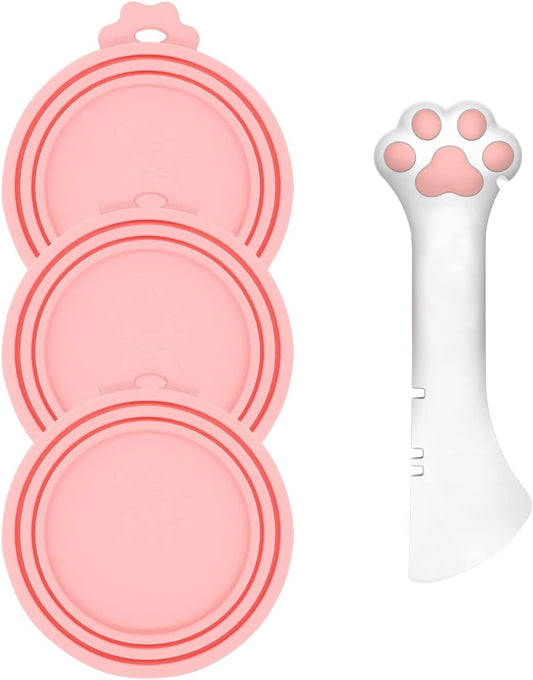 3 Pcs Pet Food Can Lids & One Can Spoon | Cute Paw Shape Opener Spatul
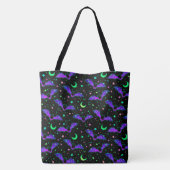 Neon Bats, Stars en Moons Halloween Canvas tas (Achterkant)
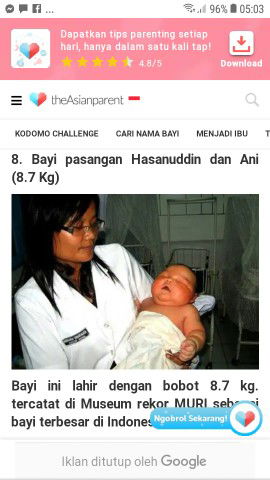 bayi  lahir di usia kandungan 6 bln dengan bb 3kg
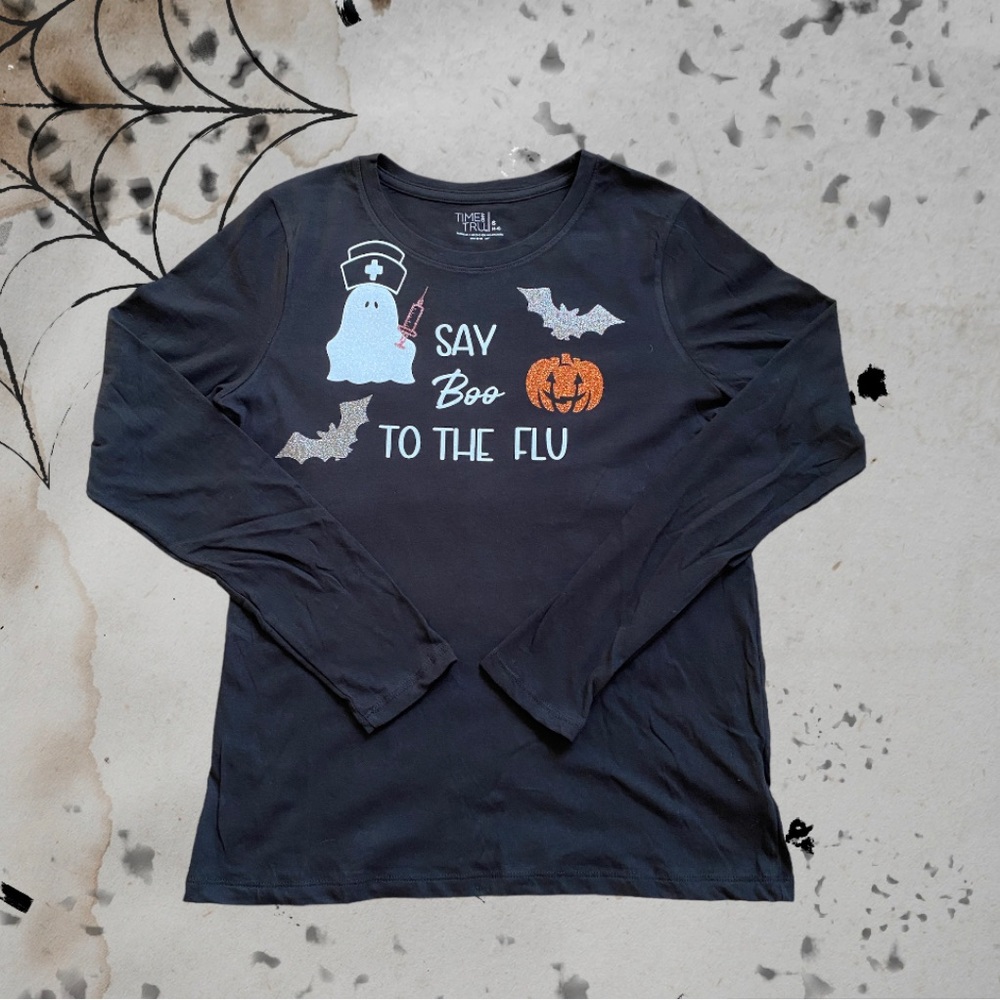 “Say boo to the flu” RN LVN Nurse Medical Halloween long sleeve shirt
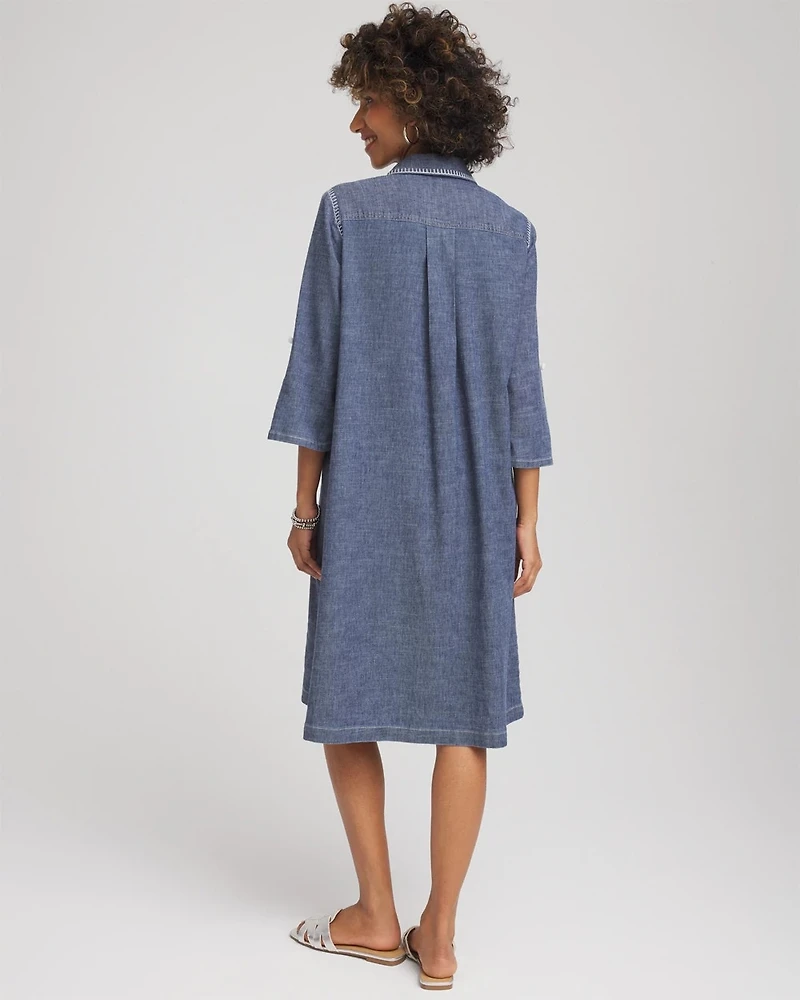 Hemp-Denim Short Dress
===============
| What is required |
Your answer must restate the entries word for word and contain no pictures.

| Exercise result |
 3 Pcs Pet Food Can Lids & One Can Spoon | Cute Paw Shape Opener Spatul
 Neon Bats, Stars en Moons Halloween Canvas tas (Achterkant)
 bayi  lahir di usia kandungan 6 bln dengan bb 3kg
 “Say boo to the flu” RN LVN Nurse Medical Halloween long sleeve shirt
 Hemp-Denim Short Dress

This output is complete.